» WHAT THE TASK ASKS
Starting at the line with "国人均收入水平_宜昌人均消费水平" and ending at the line with "2017年1-7月新能源汽车累计销售25.1万辆 同比增长21.5%", print exactly the lines of the entries below. Pictures do not belong in the copy.

» RECORDS FOR THE TASK

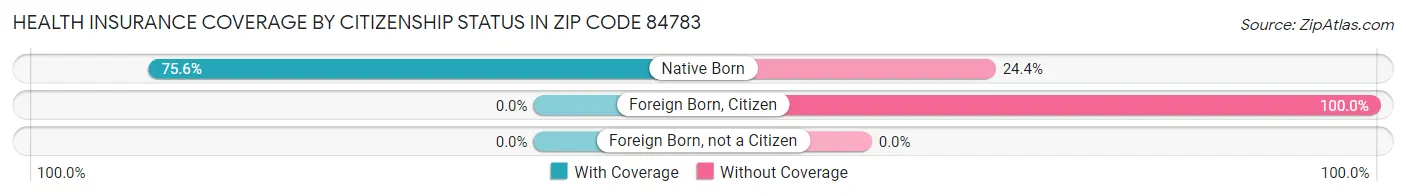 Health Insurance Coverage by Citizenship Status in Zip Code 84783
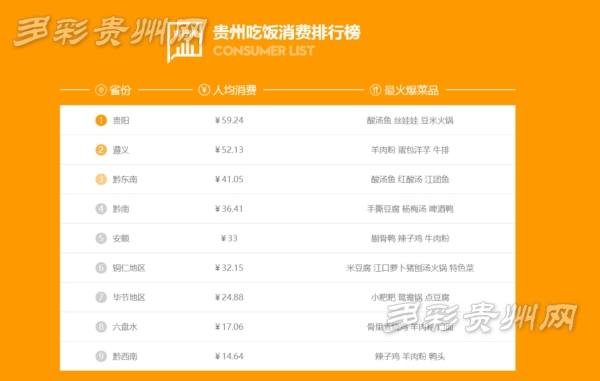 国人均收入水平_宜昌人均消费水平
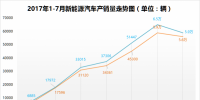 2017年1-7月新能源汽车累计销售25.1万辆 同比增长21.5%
==
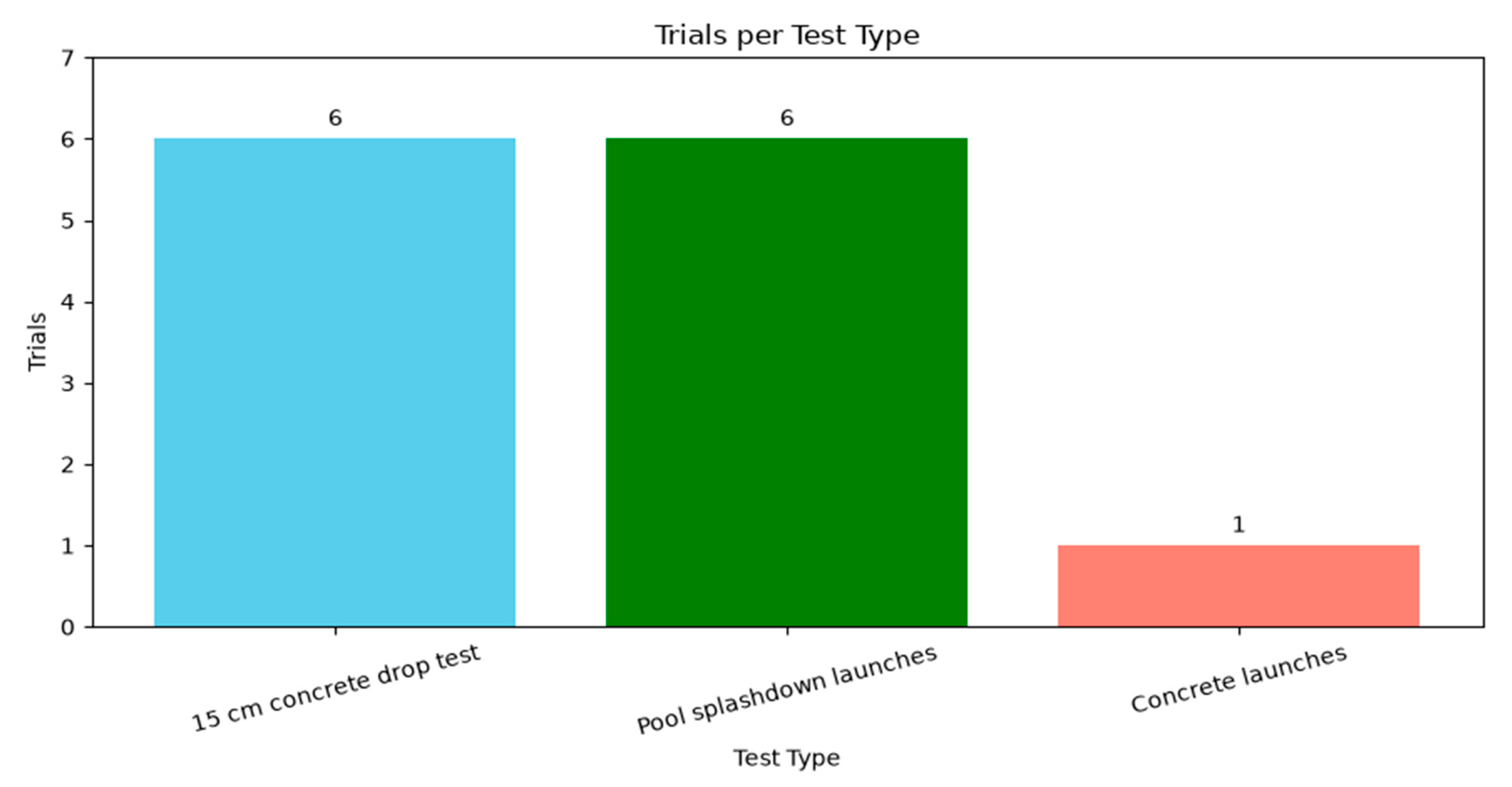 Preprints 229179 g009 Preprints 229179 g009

» EXERCISE SOLUTION
 国人均收入水平_宜昌人均消费水平
 2017年1-7月新能源汽车累计销售25.1万辆 同比增长21.5%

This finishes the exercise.